Tight-loop economics
At ~90s agent turnaround between jobs:
- 7 iterations ≈ 28 min wall-clock, ~$1.31 (ml.g6e.2xlarge)
- Same 7 iterations cold: 58 min, ~$2.29
- Savings: 43% cost, 2.4x faster, single capacity acquisition
Keep-alive tuning
- Default
1800(30 min) is safe for human-driven iteration - For agent-driven tight loops,
600(10 min) is sufficient and reduces waste if the agent crashes or the user walks away - Max allowed:
3600(60 min) per job - Max chain duration: 28 days of continuous reuse
5. Constraints & Limitations
- No spot instances: warm pools are incompatible with managed spot training
- No heterogeneous clusters: single instance type only
- Volume size is locked: cannot resize EBS between iterations
- Quota is per-instance-type per-region: switching instance types requires a separate quota grant and breaks the current pool
- Pool is single-tenant: only one job can match at a time; don't submit competing jobs from parallel agents against the same pool
6. Cleanup (Run When Done)
Release the warm pool immediately after the final iteration:
import boto3
sm = boto3.client("sagemaker")
sm.update_training_job(
TrainingJobName=last_job_name,
ResourceConfig={"KeepAlivePeriodInSeconds": 0},
)
Or via CLI:
aws sagemaker update-training-job \
--training-job-name <last-job-name> \
--resource-config KeepAlivePeriodInSeconds=0
This is not optional.

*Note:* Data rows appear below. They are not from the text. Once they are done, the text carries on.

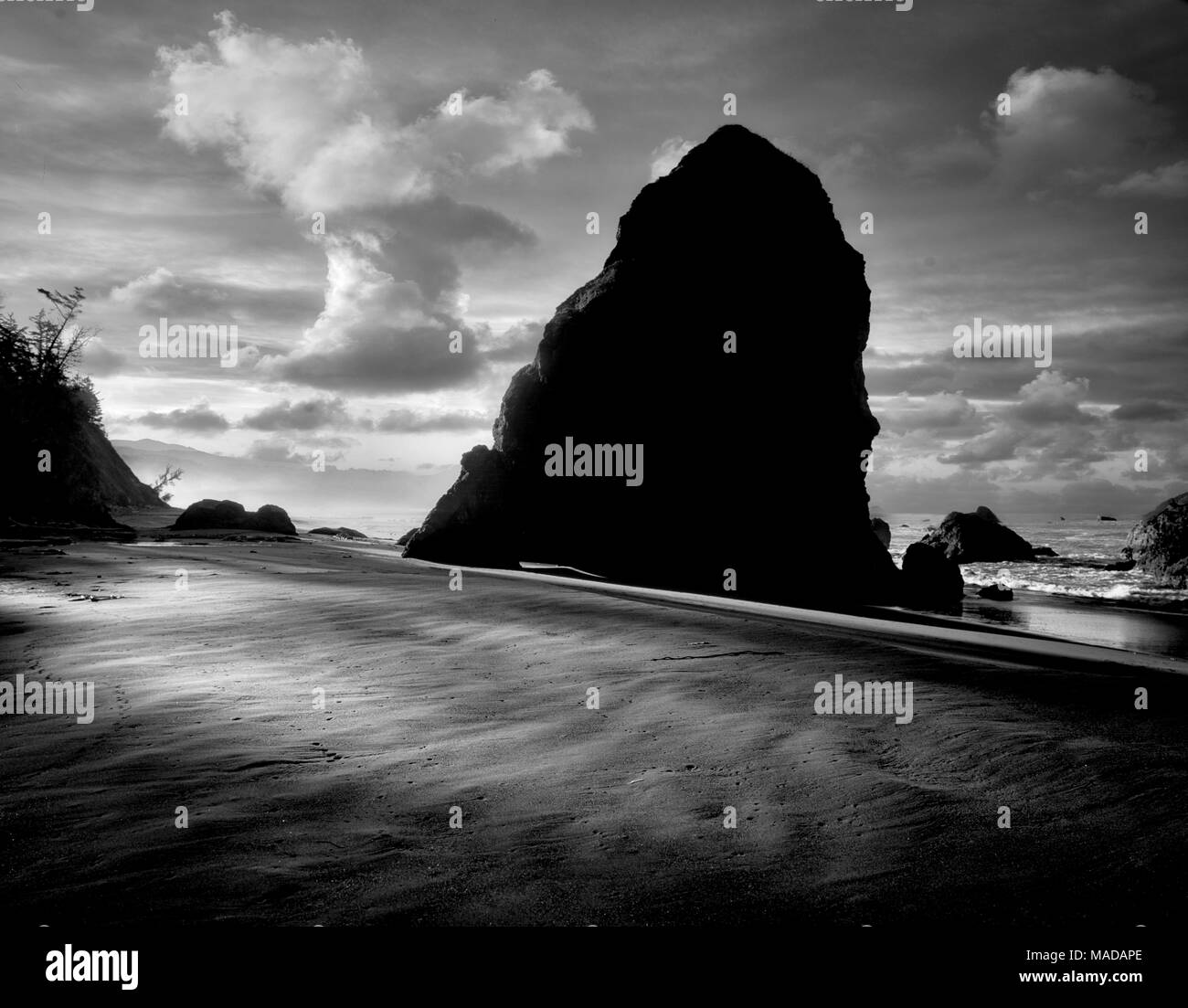 Nebbia di mattina presso la spiaggia di Porto Orgord, Oregon Foto Stock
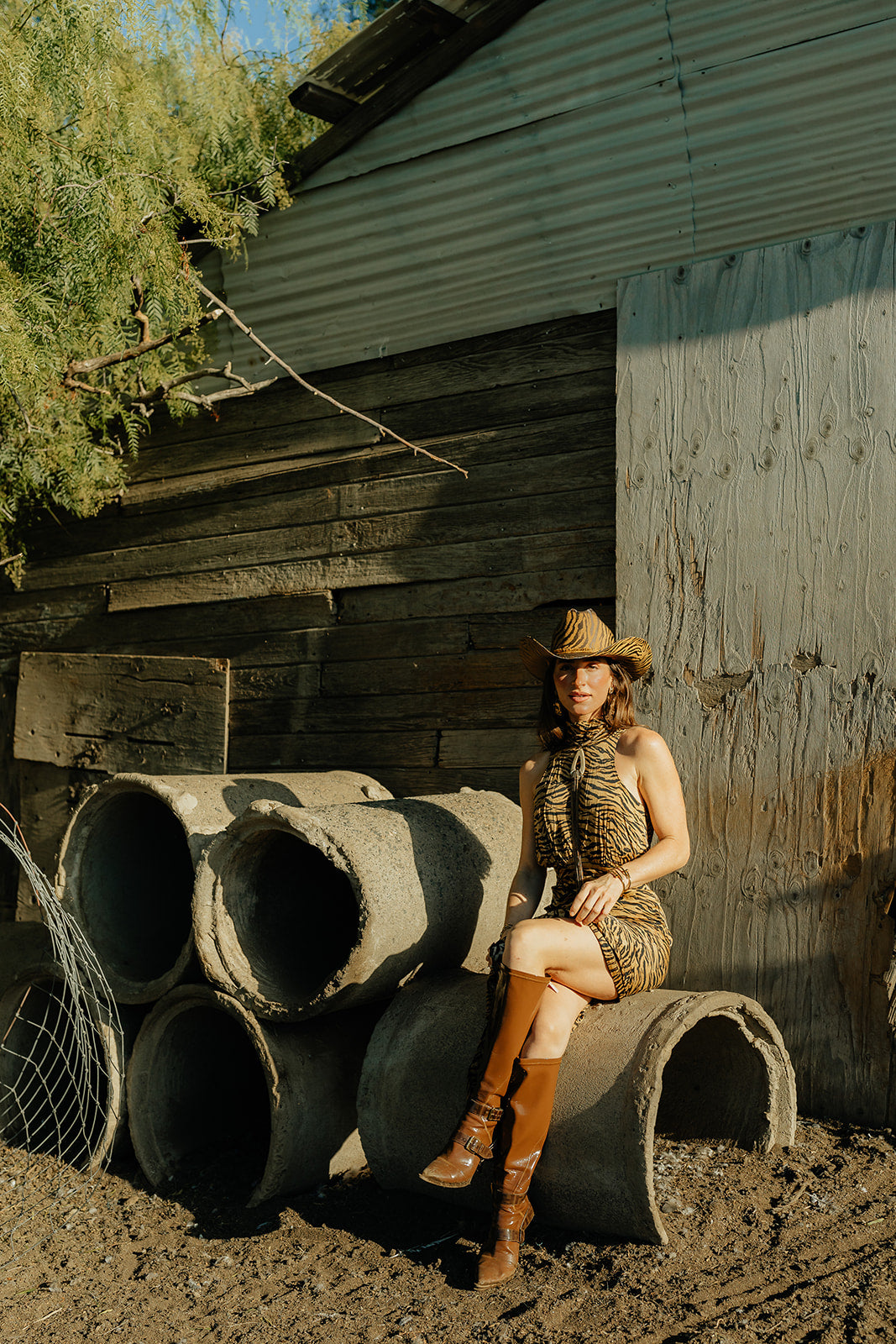 Dusk in the Delta - Zandria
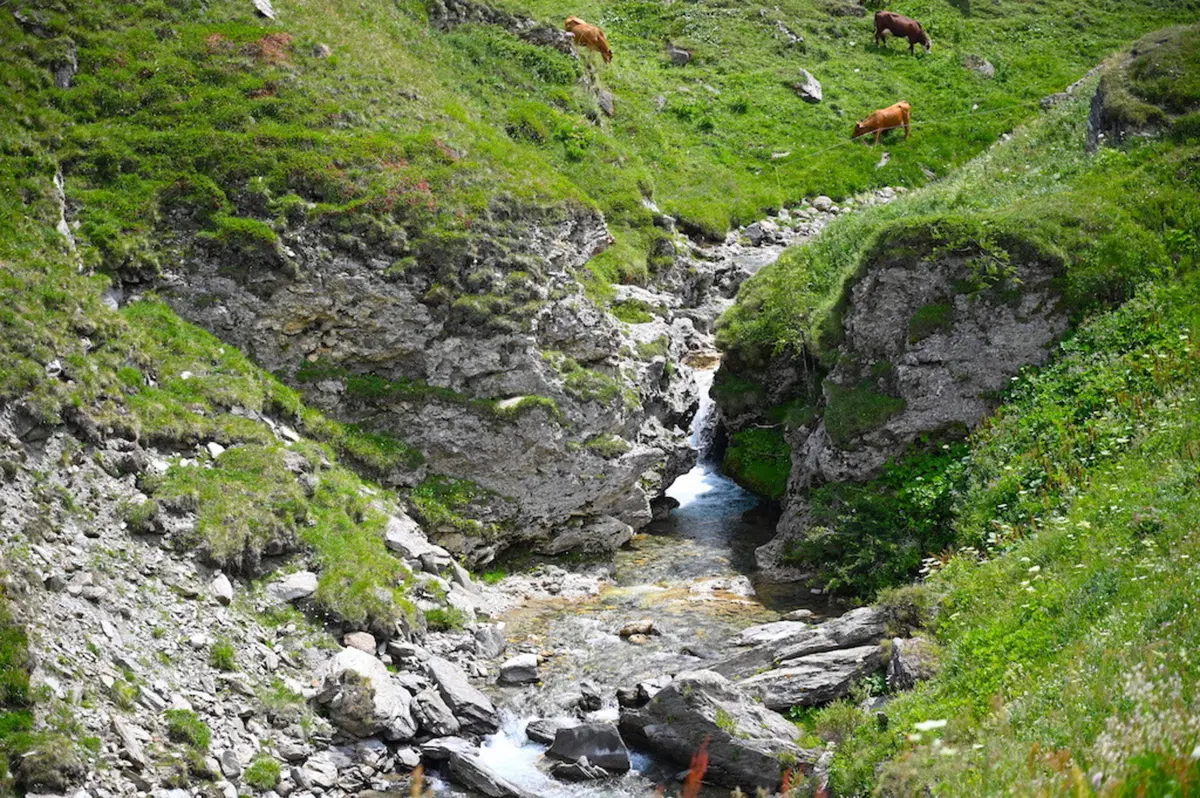 Moncenisio, la prima porta delle Alpi (18)
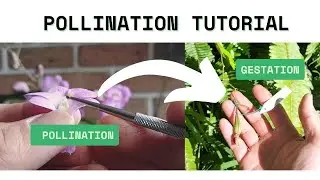 How to cross pollinate an orchid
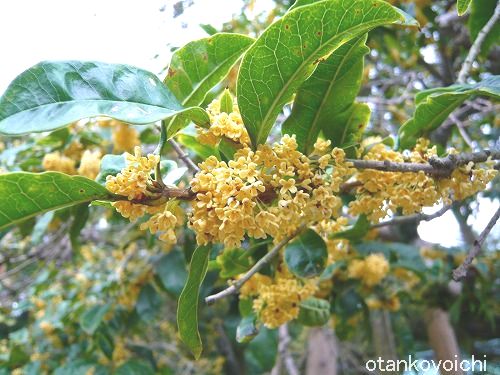 三嶋大社の金木犀　花房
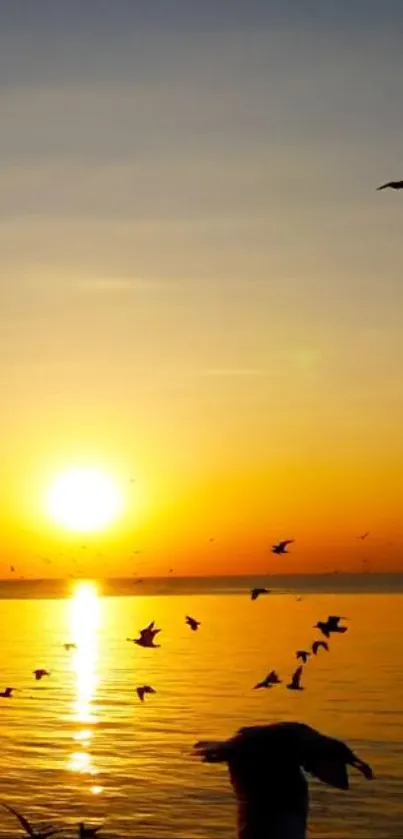 Golden sunset with birds over a serene ocean, creating a tranquil scene.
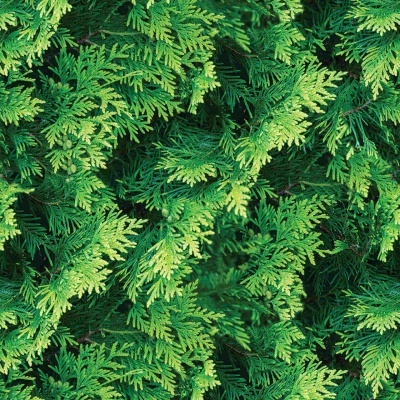 Folhagem verde densa de coníferas com diferentes tonalidades e textura natural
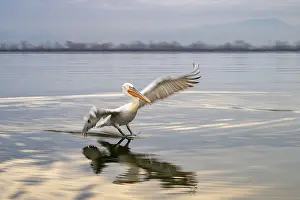 Dalmatian Pelican (Pelecanus crispus)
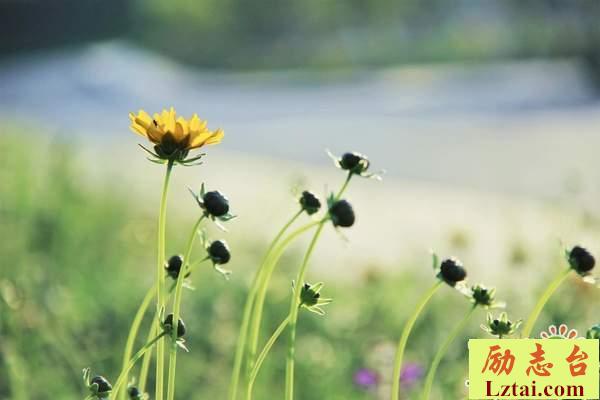 以后学会爱自己的句子说说情感语录：他不是不爱，只不过是不爱你罢了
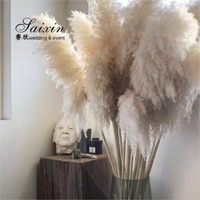 Saixin SX-F007 Vente chaude Décoration de table blanche beige pour mariage Fleurs décoratives pour événements Plantes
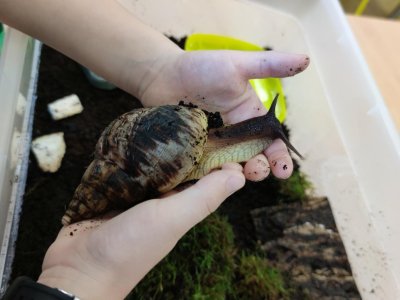 I oblovky o Vánocích přiberou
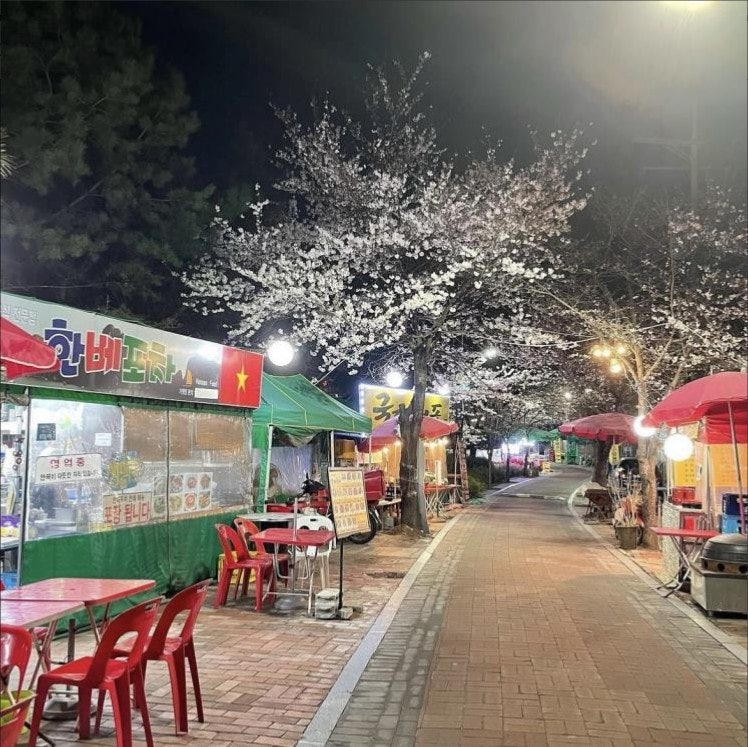 벚꽃포장마차 이미지
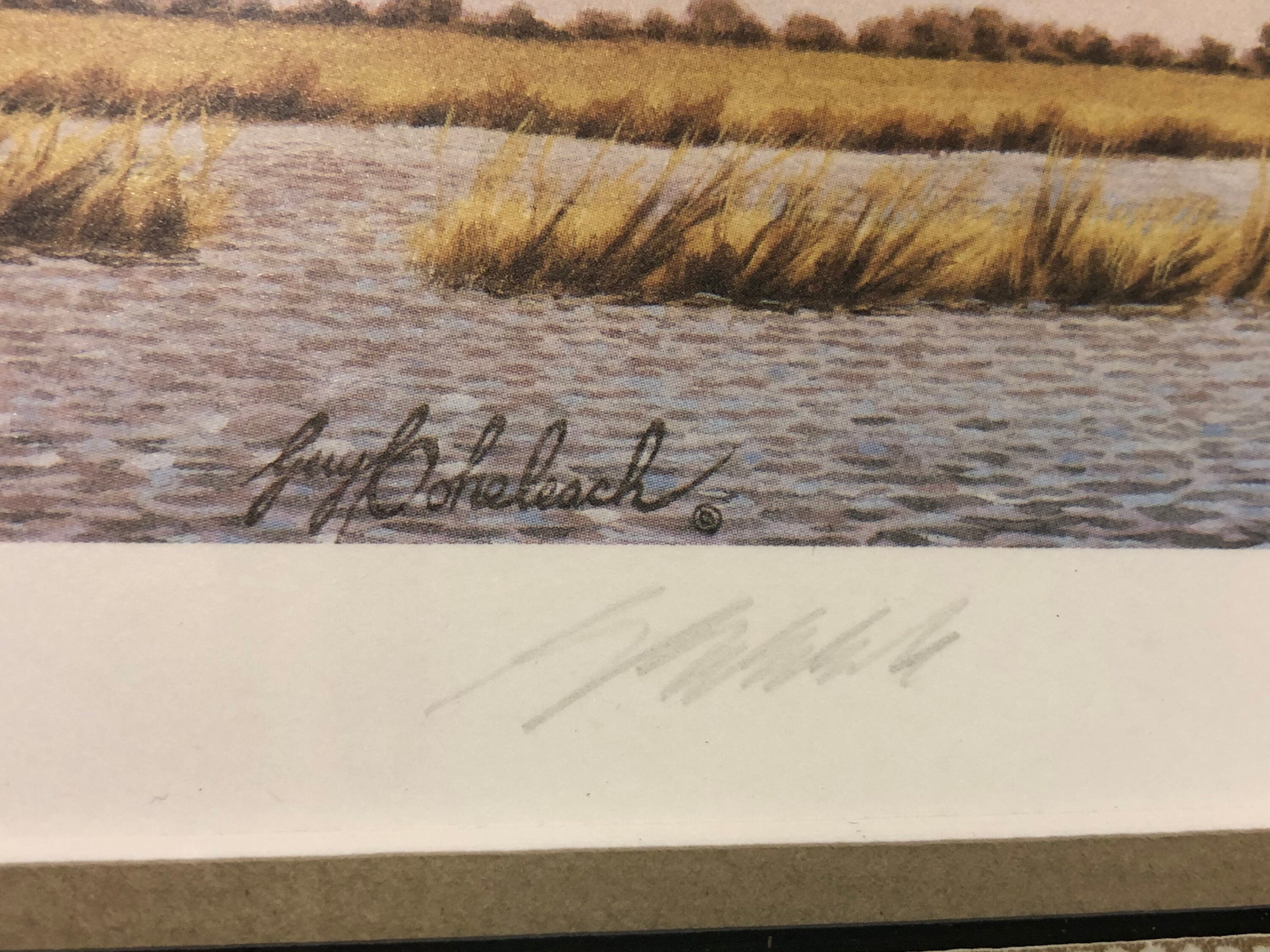 Kansas Waterfowl Habitat Stamp 50th Year Ducks Unlimited Etsy India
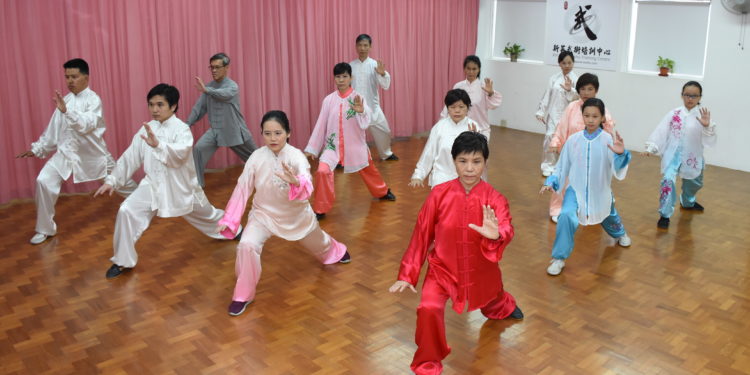Tan Mui Buay Xin Ying Wushu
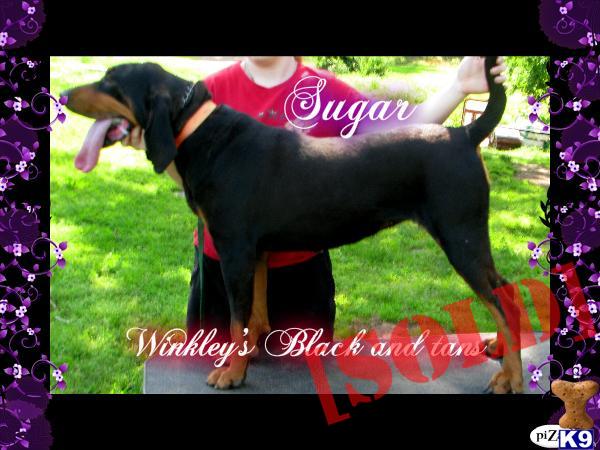 Setum Up Sugar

Warm pools bill at the full training rate ($2.80/hr for ml.g6e.2xlarge) while idle. If you don't release, you pay for up to 30 min of nothing after iteration ends.
7. Failure Taxonomy (What the Agent Should Recognize)
| Failure pattern | Likely cause | Fix approach |
|---|---|---|
ModuleNotFoundError / ImportError |
Missing or version-incompatible dependency | Bump pin in requirements.txt, resubmit |
CUDA out of memory |
Batch size or model too large for GPU | Reduce batch size, enable gradient checkpointing |
ResourceLimitExceeded |
Quota exhausted | Cannot continue — need quota increase or different instance |
InternalServerError (job-level) |
SageMaker infra issue | Pool is dead — next job cold-starts, retry same config |
AlgorithmError (exit code != 0) |
Bug in training script | Read traceback, patch script |
| Container timeout (no output) | Deadlock or infinite loop | Add timeout/watchdog, reduce scope |